Change orders on PEMB projects usually come from three places:

  1. Owner changes after the building is ordered. Adding a door, moving a wall light, changing the roof slope. All of these cost money because the manufacturer has to re-engineer and possibly re-fabricate components.
  2. Foundation issues. Bad soil, high water, or inaccurate survey data that forces a foundation redesign.
  3. Field conditions during erection. Damaged panels that need replacement, missing hardware, or site access issues that require smaller equipment than planned.

Document everything. Photograph the delivery. Note any damaged or missing components on the bill of lading before the truck leaves. Your put to work (sorry, your negotiating power) with the manufacturer drops to zero once you sign off on a clean delivery receipt.
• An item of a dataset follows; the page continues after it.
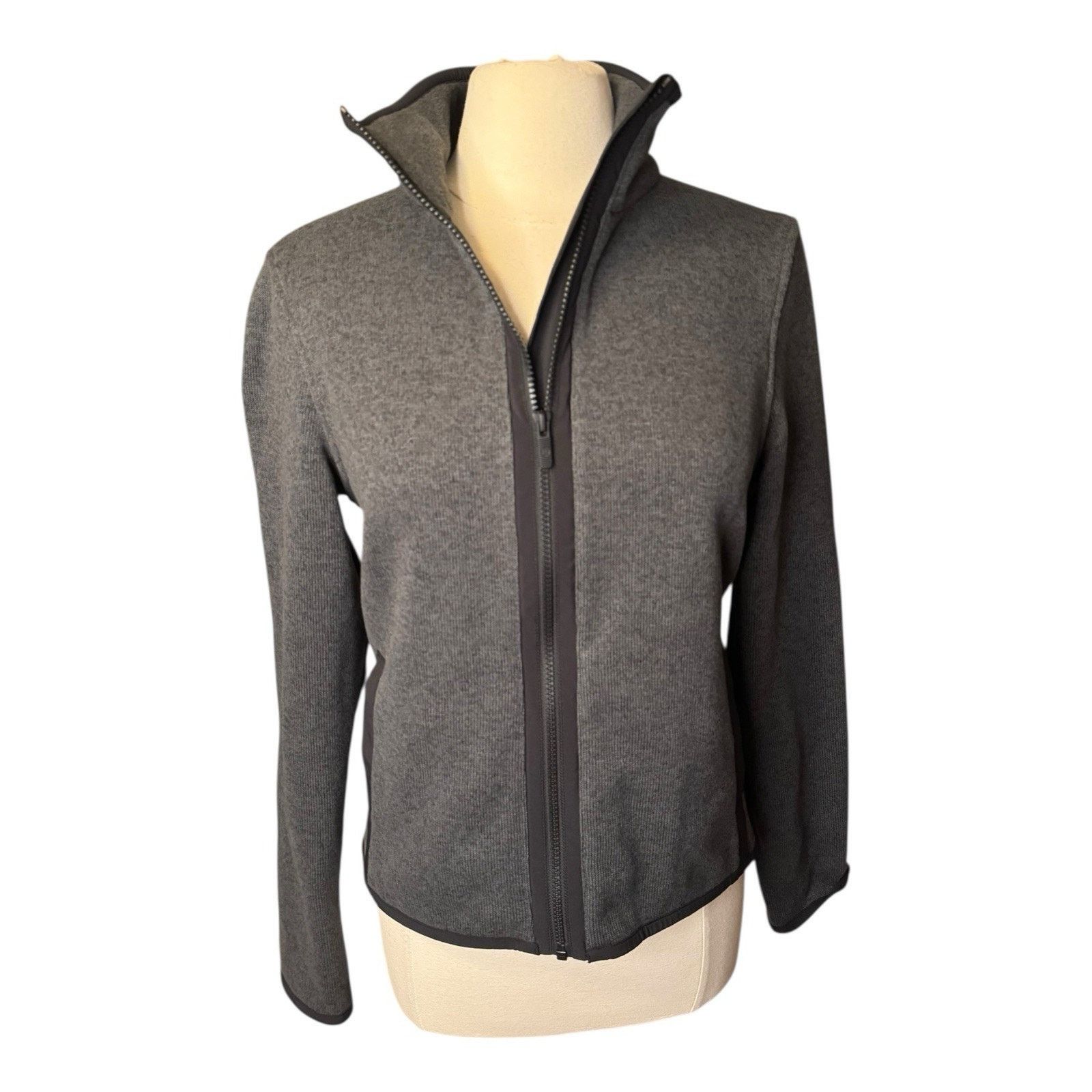 Lululemon Lululemon Its Fleecing Cold Full Zip Fleece Jacket Gray Size M / US 6-8 / IT 42-44 - 1 Thumbnail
One final scheduling note: do not underestimate the punch list phase on metal buildings. Trim alignment, sealant touch-up, panel scratches that need paint pens, gutter adjustments, door hardware fine-tuning. This is fiddly work that takes longer than you think. Budget a solid week for punch list on a typical commercial PEMB. Two weeks on a larger or more complex building.
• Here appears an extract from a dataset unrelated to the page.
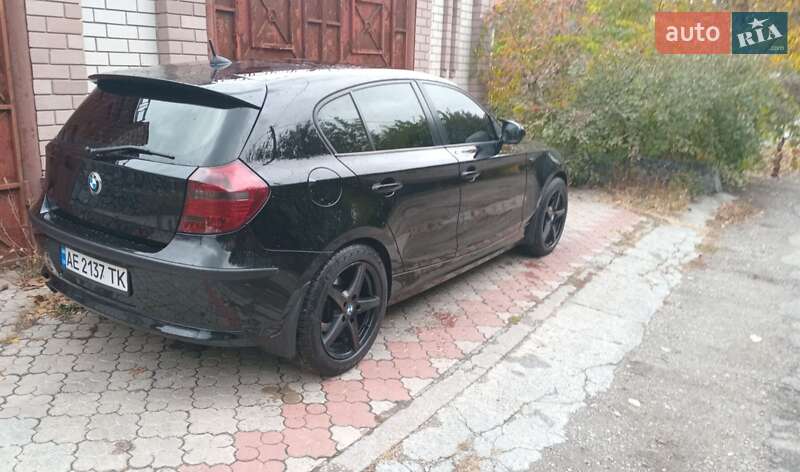 Хэтчбек BMW 1 Series 2010 в Днепре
Try a live demo and see how Projul simplifies this for your team.

The contractors who consistently make money on metal buildings are the ones who plan thoroughly, coordinate early, track everything, and do not assume “simple” means “easy.” These are good projects when they are run well. Build your process around the details covered in this guide, and you will be in solid shape for your next PEMB job.
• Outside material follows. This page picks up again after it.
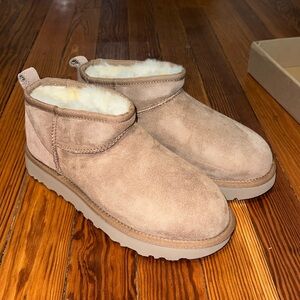 Uggs Classic Ultra Mini Size 6 Chestnut Color - Never Worn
Frequently Asked Questions

How long does it take to erect a pre-engineered metal building?
A typical single-story PEMB in the 5,000 to 10,000 square foot range takes 2 to 4 weeks for erection once the foundation is ready. Larger buildings or multi-span designs can take 6 to 8 weeks. Lead time on the building package itself is usually 8 to 16 weeks from order.
What type of foundation does a pre-engineered metal building need?
Most PEMBs sit on a concrete slab with thickened edges or a pier-and-grade-beam foundation. The manufacturer provides anchor bolt plans and load reactions that your structural engineer uses to design the foundation. Getting anchor bolt placement right is the single most important foundation task.
Can a general contractor erect a PEMB without specialized steel crews?
Technically yes, but it's not recommended. PEMB erection requires experience with rigging, crane work, and bolt-up procedures specific to these systems. Most GCs sub out the erection to crews that specialize in metal buildings. The learning curve is steep and mistakes are expensive.
What is the difference between a pre-engineered metal building and conventional steel construction?
Pre-engineered metal buildings use factory-designed rigid frames with tapered members sized specifically for the building loads. Conventional steel uses standard hot-rolled shapes (W-beams, channels) designed by a project engineer. PEMBs are typically cheaper and faster for simple building shapes, while conventional steel handles complex designs better.
Who is responsible for the metal building design in a PEMB project?
The PEMB manufacturer designs the building system, including primary and secondary framing. The GC or owner's engineer handles the foundation design using load reactions provided by the manufacturer. This split responsibility is a common source of confusion, so make sure your contracts spell out exactly where manufacturer design ends and site-specific engineering begins.